Talking with college students about their academic work is a fascinating leap into the familiar and the unknown. “What is your favorite class and why?” opens up discussions about preference, engagement, challenge, and the strengths and weaknesses of faculty. It reveals a forest of shifting variables. As educators, administrators, and advisors, we recognize the format but know little about the how, what, and why of individual students.
Students often find it useful, in my experience, to engage in a collaborative re-framing of their academic work. It is rarely enough to talk about what this or that means, what someone likes, or how it is going. It is not about judgment, either. Instead, context can shape meaning and give a way to measure, evaluate, and assess. An assignment is nested within a course; a course helps with a program or fulfilling a requirement. Establishing a better shared understanding of context is often essential to any meaningful dialogue about academic work. It also can be particularly helpful when students are struggling or face an important decision.
What is the right level of work and stress for any one student? Definitive answers are impossible but well worth pursuing through conversation and reflection. I have had productive discussions with students along these lines using the language of the gym. It often seems particularly effective with young men. Learning is a deviation from the status quo. It involves a change – and change usually makes us uncomfortable.

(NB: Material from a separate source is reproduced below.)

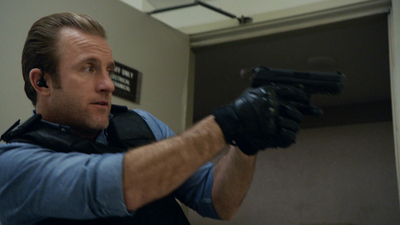 Hawaii Five-0 : Hihi 'Ia Ka Makau A Na Lawai'a (Los Anzuelos de los Pescadores se Enredan)'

We don’t get stronger being still and we don’t run faster by sitting on the couch. We build muscles by exercising. Running and lifting weights can be uncomfortable, if not downright painful. But they are how we change and grow. Learning is very much like this.
Expanding the metaphor, we don’t get stronger lifting just a little weight. We also don’t get stronger trying to lift massive amounts – we simply cannot get too much weight off a rack. Effective training, like effective learning, comes from knowing the right level of weight and the right degree of discomfort. For that to happen, students have to know themselves – and they have to know about the nature of work and faculty expectations. When there is good knowledge across these arenas, students are in a solid position to assess their goals, their progress, and the value of their education.
I know students are doing well when they can talk about their classes with this level of understanding. And I know students are excelling when they have comprehension and can also describe how they are being challenged and how they are coping with high expectations. The best kind of learning comes with the best kind of discomfort.